Quantum effects in magnetic structures on the fcc lattice

¹ Condensed Matter Physics and Chemistry Department, Risø National Laboratory, 4000 Roskilde, Denmark
² Department of Mathematics and Physics, The Royal Veterinary and Agricultural University, 1871 Frederiksberg C, Denmark and Niels Bohr Institute, University of Copenhagen, 2100 København Ø, Denmark

Corresponding author: ^a kim.lefmann@risoe.dk

Received: 4 July 2000
Revised: 23 February 2001
Published online: 15 June 2001

Abstract

We present the results of a numerical diagonalization study of the next-nearest neighbour Heisenberg model on the fcc lattice. We have studied clusters of s=1/2 spins of sizes N=32 and 64 and obtained ground state energy, magnetization, susceptibility, and static structure factor for various values of applied fields and interaction parameters. From the magnetic structure factors, we find that the antiferromagnetic type-II order penetrates into the ferromagnetic area of the mean-field model. The magnetisation of the type-II state in this area jumps from zero to totally magnetised at a certain applied field. Other areas containing type-II or type-III order, displays "offsets" in the magnetisation curves. Another anomaly is that the phase boundary between the type-I and the type-III states moves in favour of the type-I state around half magnetisation. Apart from this, the phase boundaries are located at their mean field values at zero field, and the positions of the phase boundaries do not depend on the field value.
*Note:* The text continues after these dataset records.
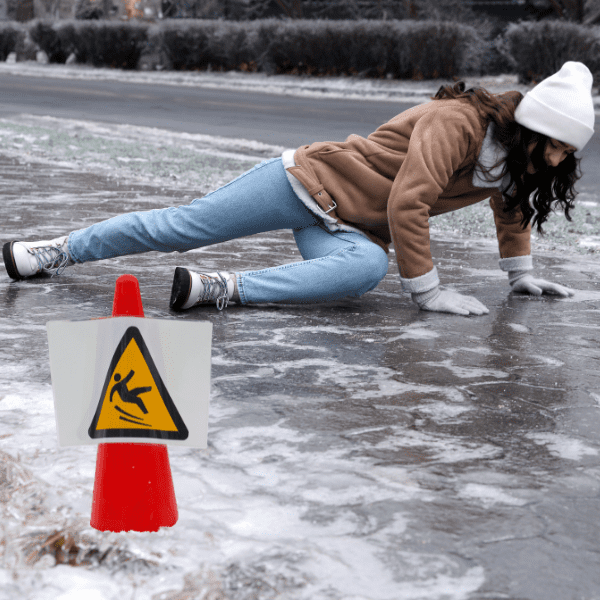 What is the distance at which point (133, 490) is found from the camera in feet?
5.49

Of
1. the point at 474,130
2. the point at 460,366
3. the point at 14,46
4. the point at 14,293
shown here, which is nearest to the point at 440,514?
the point at 460,366

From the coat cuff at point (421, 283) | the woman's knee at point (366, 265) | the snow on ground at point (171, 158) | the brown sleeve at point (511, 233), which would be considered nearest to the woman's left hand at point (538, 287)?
the brown sleeve at point (511, 233)

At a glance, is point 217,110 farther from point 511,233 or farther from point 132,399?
point 132,399

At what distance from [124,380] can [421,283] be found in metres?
1.74

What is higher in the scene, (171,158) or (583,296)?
(171,158)

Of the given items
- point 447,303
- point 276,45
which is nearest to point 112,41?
point 276,45

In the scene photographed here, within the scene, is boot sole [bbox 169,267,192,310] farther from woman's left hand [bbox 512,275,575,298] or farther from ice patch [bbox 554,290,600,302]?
ice patch [bbox 554,290,600,302]

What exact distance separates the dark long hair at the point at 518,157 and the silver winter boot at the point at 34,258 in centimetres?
163

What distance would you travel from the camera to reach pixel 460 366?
2742 millimetres

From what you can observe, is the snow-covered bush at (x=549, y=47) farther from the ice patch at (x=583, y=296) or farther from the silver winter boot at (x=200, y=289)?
the silver winter boot at (x=200, y=289)

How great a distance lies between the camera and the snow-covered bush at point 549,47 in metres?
19.1

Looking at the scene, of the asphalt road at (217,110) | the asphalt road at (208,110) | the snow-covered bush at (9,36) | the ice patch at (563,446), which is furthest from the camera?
the snow-covered bush at (9,36)

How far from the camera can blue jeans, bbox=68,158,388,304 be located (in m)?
3.26

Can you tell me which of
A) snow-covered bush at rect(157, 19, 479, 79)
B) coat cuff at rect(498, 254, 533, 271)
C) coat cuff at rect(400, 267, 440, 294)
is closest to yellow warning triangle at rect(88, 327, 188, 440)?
coat cuff at rect(400, 267, 440, 294) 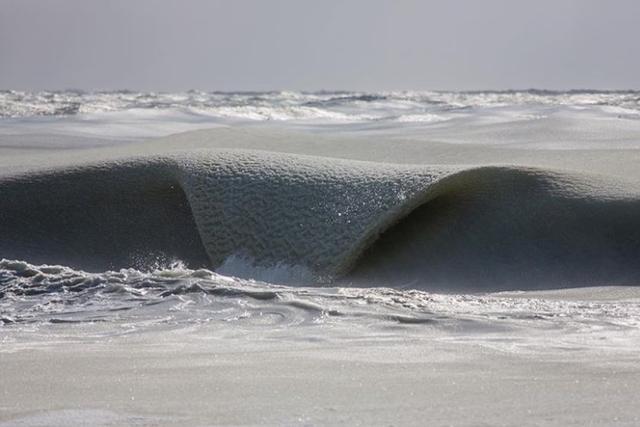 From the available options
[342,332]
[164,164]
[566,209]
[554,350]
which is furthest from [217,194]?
[554,350]

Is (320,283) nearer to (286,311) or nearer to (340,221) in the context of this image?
(340,221)

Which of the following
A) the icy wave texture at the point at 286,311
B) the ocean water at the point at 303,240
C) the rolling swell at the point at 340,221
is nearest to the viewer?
the icy wave texture at the point at 286,311

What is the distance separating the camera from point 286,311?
2.94 metres

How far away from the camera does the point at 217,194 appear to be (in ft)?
14.2

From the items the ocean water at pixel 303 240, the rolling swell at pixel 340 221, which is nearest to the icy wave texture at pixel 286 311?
the ocean water at pixel 303 240

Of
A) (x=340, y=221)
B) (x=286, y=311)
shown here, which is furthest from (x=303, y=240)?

By comparing the longitudinal and transverse structure factors, it is found that the spin orientation in the type-I structure at intermediate fields shows a transition between a canted spin-flop-like structure and a collinear "up-up-up-down" structure. This confirms earlier theoretical predictions. However, in the type-II and type-III phases only the spin-flop structures are observed.